* TASK GOAL
The result should be the listing below, restated exactly, with its pictures left out.

* STORED DATA
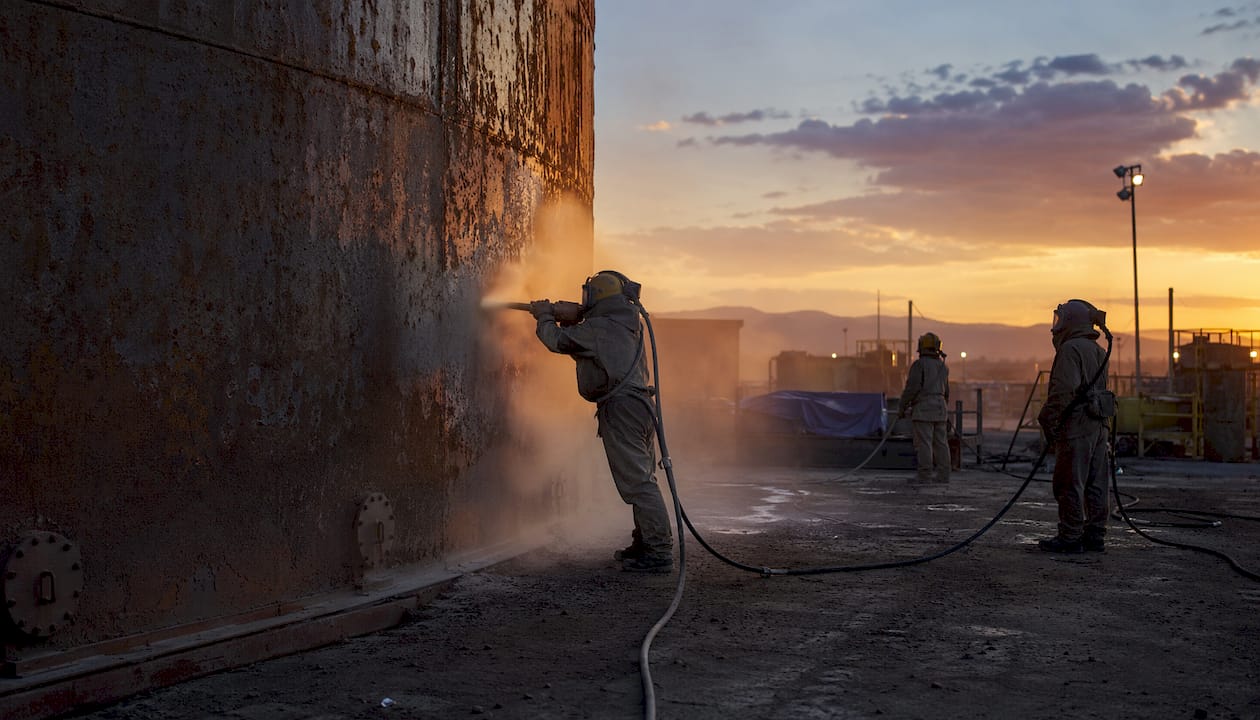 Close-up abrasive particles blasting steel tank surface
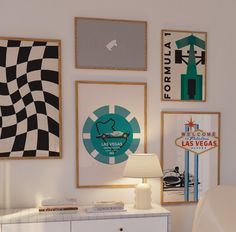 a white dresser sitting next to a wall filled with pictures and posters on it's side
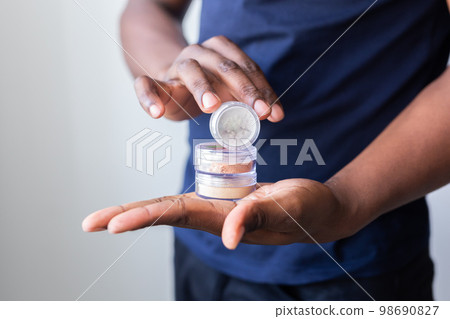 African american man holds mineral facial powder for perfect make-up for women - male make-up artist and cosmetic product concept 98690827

* RESPONSE TO THIS TASK
 Close-up abrasive particles blasting steel tank surface
 a white dresser sitting next to a wall filled with pictures and posters on it's side
 African american man holds mineral facial powder for perfect make-up for women - male make-up artist and cosmetic product concept 98690827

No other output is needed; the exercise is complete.